═══ DATASET ENTRIES ═══
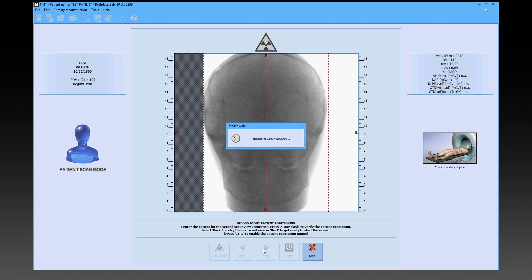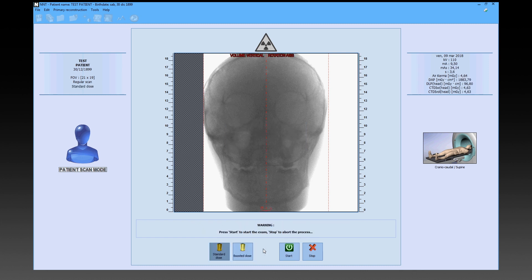Before starting the scan, a window is displayed on the PC showing a waiting status. Below the latest scout image, the physician will find two scanning options: standard dose with standard radiological parameters, and boosted dose. The boosted dose increases the X-ray load and improves image quality if the patient is edentulous or has few implants, fillings, or crowns.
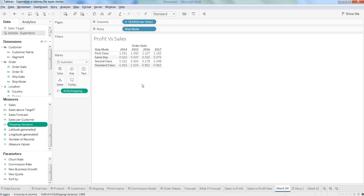Then what you can do is take advantage of custom calculations that are available here in the marks shelf.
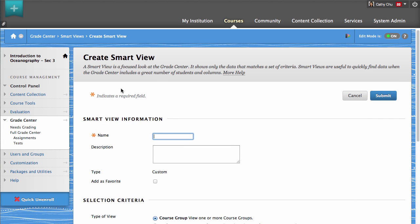Enter a brief name for the new Smart View. You can enter an optional description if you want. To add the Smart View as a Favorite, select Add as Favorite. Adding a Smart View as a Favorite will display it as a link on the control panel and will save you time by providing quick access to frequently used Smart Views.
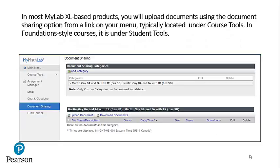In most MyLab Excel-based products, you will upload documents using the Document Sharing option from the link on your menu, typically located under Course Tools. In Foundation Style courses, it is under Student Tools.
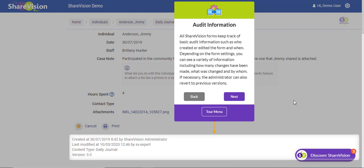All ShareVision forms keep track of basic audit information, such as who created or edited the form and when. Depending on the form settings, you can see a variety of information, including how many changes have been made, what was changed, and by whom. If necessary, you can revert to previous versions.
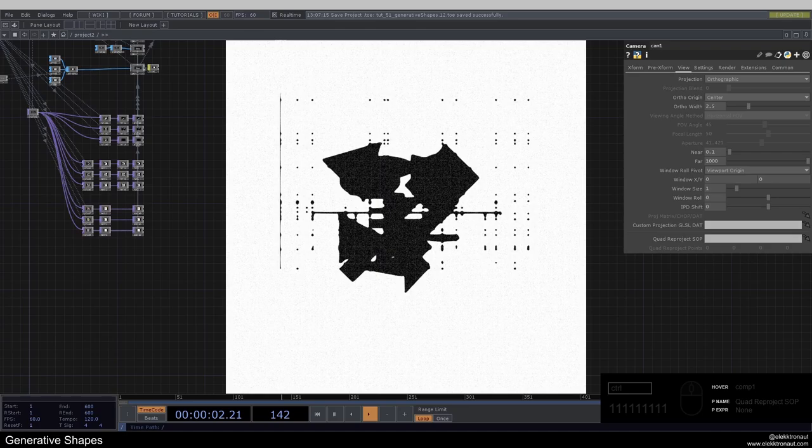Welcome back to your new TouchDesigner tutorial. In this one we will look at creating generative shapes — really just abstract shapes in combination with grids.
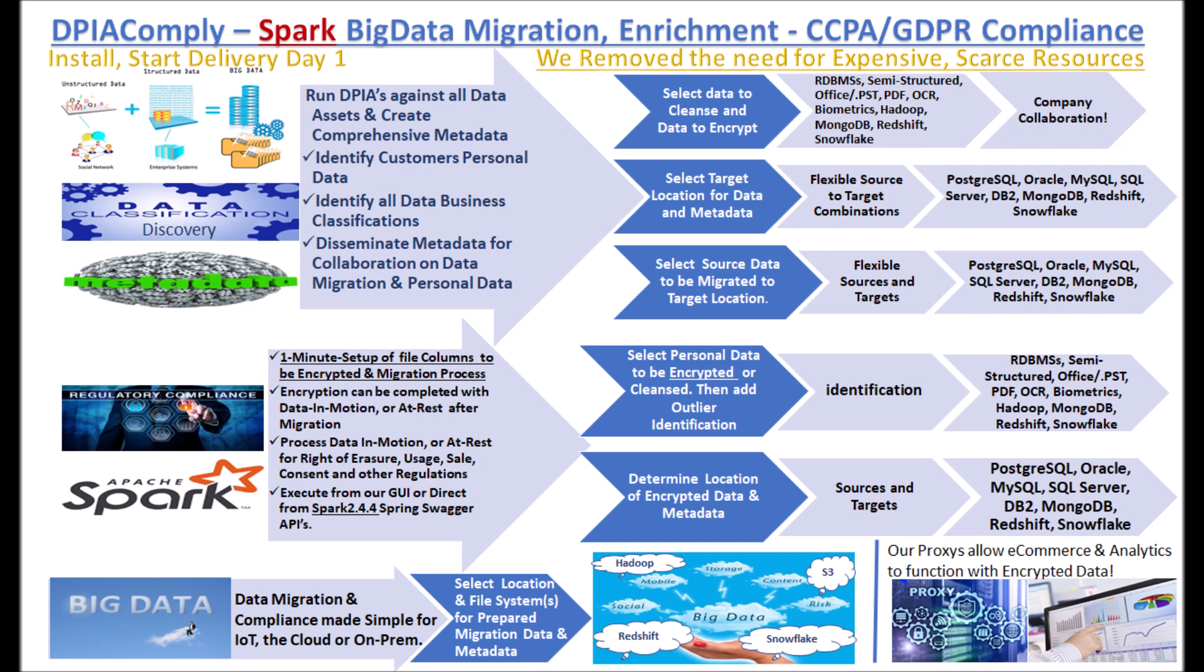We also offer CCPA and GDPR for OCR, semi-structured data as well as biometrics for facial and object recognition. We also have modules for consent, right of erasure and usage and to sell. Now on to the Snowflake migration video.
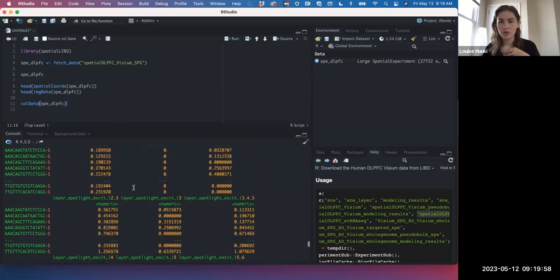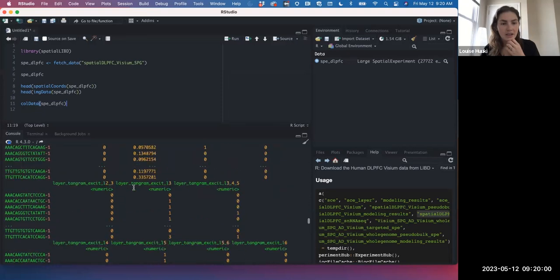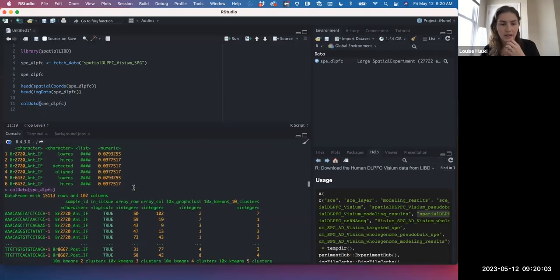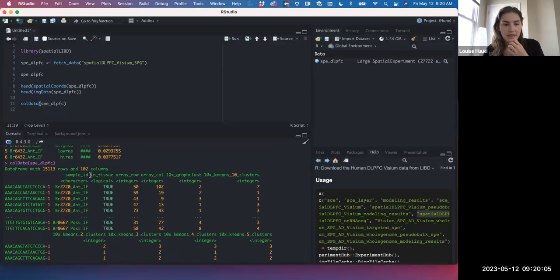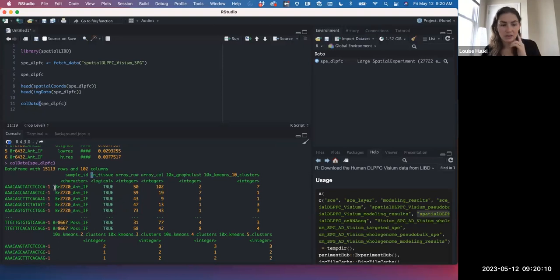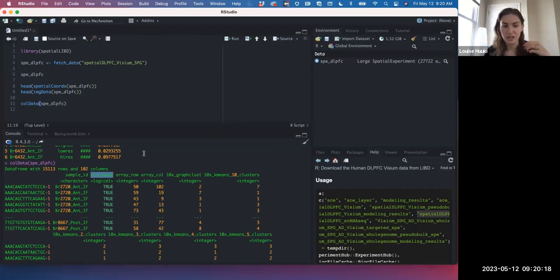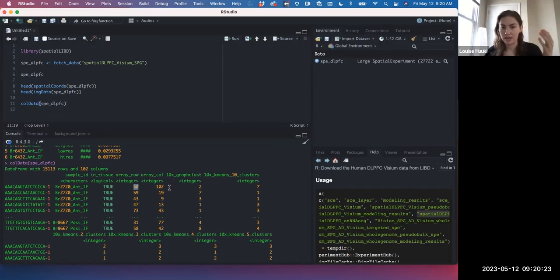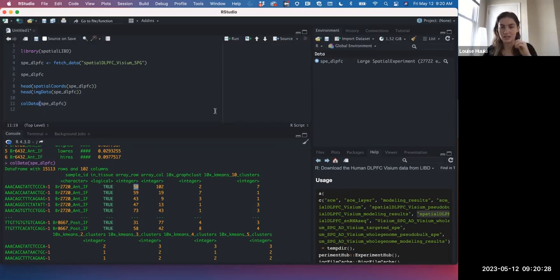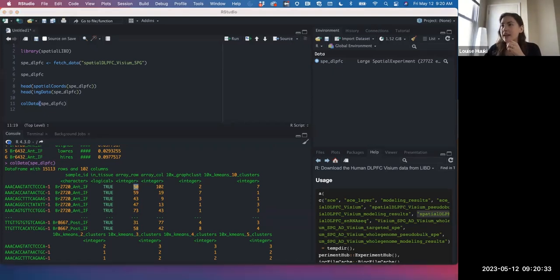Looking at the colData, for each row — which represents a spot — a spot either gets in_tissue TRUE or FALSE. In this object, all are already TRUE since spots outside the tissue are filtered out. Each spot also gets an array_row and array_col, which goes back to the Visium array frame and the locations of all those spots.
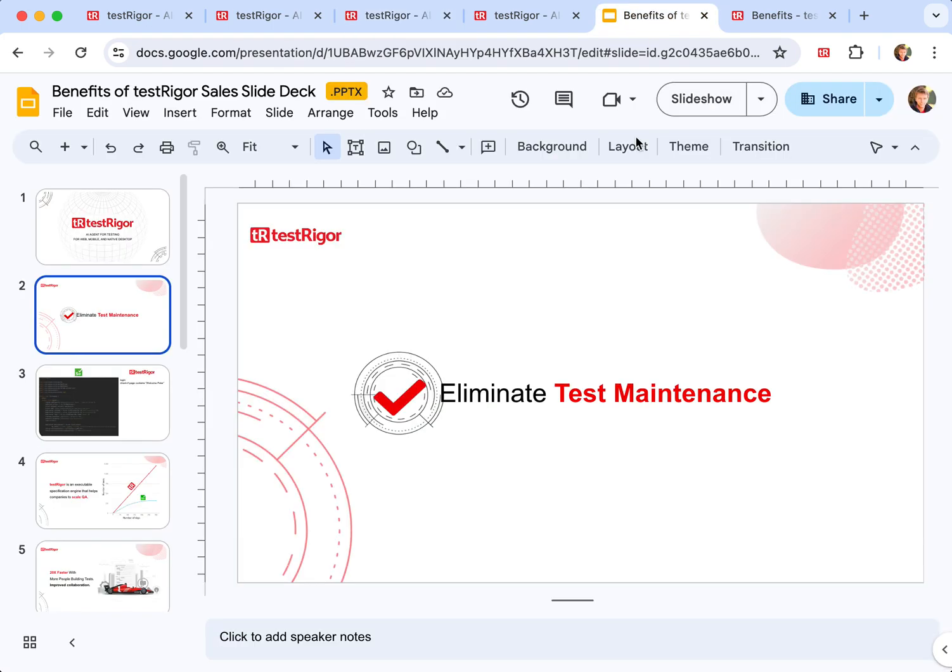And this is how TestRigor achieves unprecedented decrease in test maintenance. You're elevating your test cases on functional level from end user's perspective, as opposed to sticking to testing details of implementation. Thank you very much.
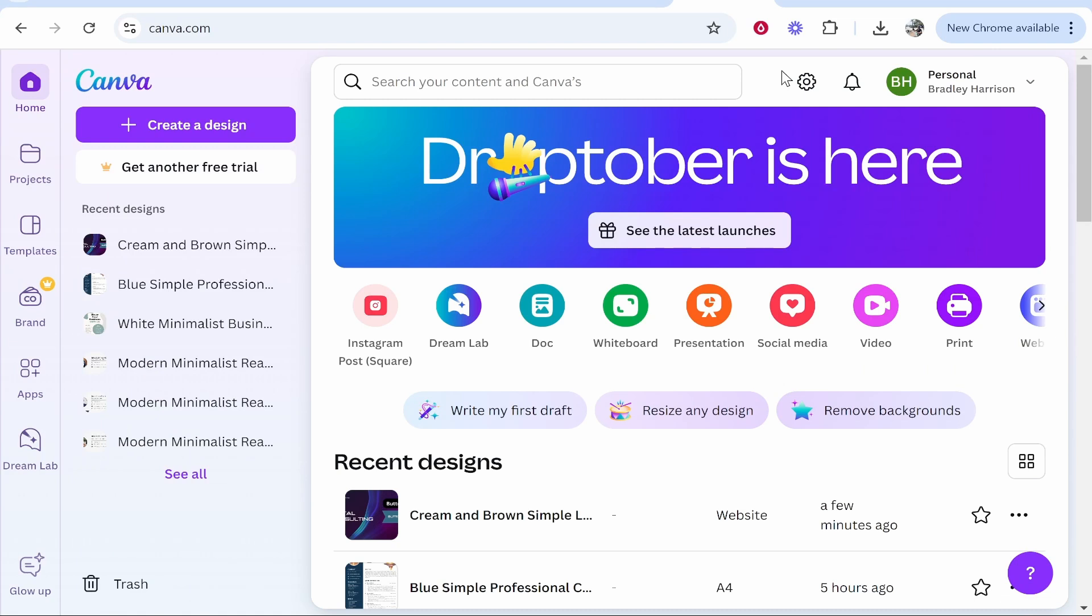In this video I'm going to show you how you can trim a video inside of Canva. This is a quick and easy method, so what you need to do is go to canva.com and create a free account.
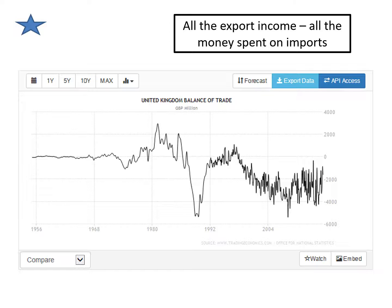As you can see, if you look at the zero line, in the 80s we were in surplus — we exported more than we imported. Then in the early 90s there was a big dip and we were minus six billion pounds — more imported than exported. Then we went positive again in the mid-90s.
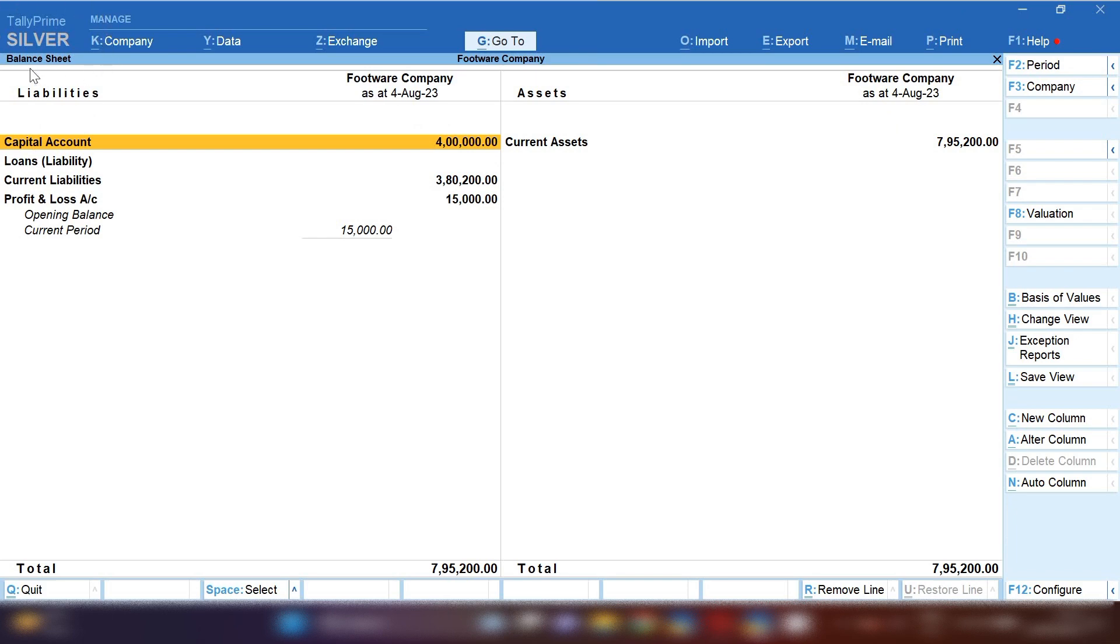Now you can see the balance sheet has been opened. Balance sheet shows in two parts: first side is liabilities and second side is assets.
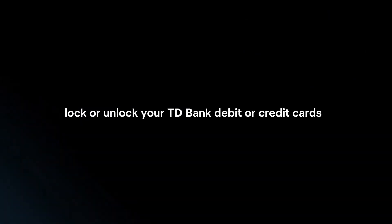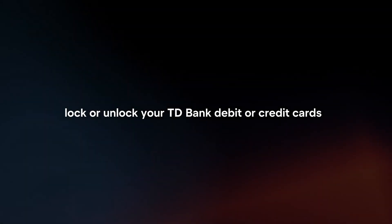Manage cards. Temporarily lock or unlock your TD Bank debit or credit cards, report lost or stolen cards, and view card details.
═══
— INSTRUCTIONS FOR THE TASK —
Within the entries above, give again exactly the lines starting at the one that contains "We also offer" and ending at the one that contains "Now you can", leaving out the pictures.

— ANSWER TO THIS PROBLEM —
We also offer CCPA and GDPR for OCR, semi-structured data as well as biometrics for facial and object recognition. We also have modules for consent, right of erasure and usage and to sell. Now on to the Snowflake migration video.
Looking at the colData, for each row — which represents a spot — a spot either gets in_tissue TRUE or FALSE. In this object, all are already TRUE since spots outside the tissue are filtered out. Each spot also gets an array_row and array_col, which goes back to the Visium array frame and the locations of all those spots.
And this is how TestRigor achieves unprecedented decrease in test maintenance. You're elevating your test cases on functional level from end user's perspective, as opposed to sticking to testing details of implementation. Thank you very much.
In this video I'm going to show you how you can trim a video inside of Canva. This is a quick and easy method, so what you need to do is go to canva.com and create a free account.
As you can see, if you look at the zero line, in the 80s we were in surplus — we exported more than we imported. Then in the early 90s there was a big dip and we were minus six billion pounds — more imported than exported. Then we went positive again in the mid-90s.
Now you can see the balance sheet has been opened. Balance sheet shows in two parts: first side is liabilities and second side is assets.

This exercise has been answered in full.